(What to work on): Your reply must consist of the data below, reproduced character for character.

(Data block):
◆ ◆ ◆

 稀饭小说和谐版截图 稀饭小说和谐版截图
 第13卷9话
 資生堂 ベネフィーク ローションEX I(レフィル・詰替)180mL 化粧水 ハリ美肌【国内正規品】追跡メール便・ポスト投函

◆ ◆ ◆

(Result below):
 稀饭小说和谐版截图 稀饭小说和谐版截图
 第13卷9话
 資生堂 ベネフィーク ローションEX I(レフィル・詰替)180mL 化粧水 ハリ美肌【国内正規品】追跡メール便・ポスト投函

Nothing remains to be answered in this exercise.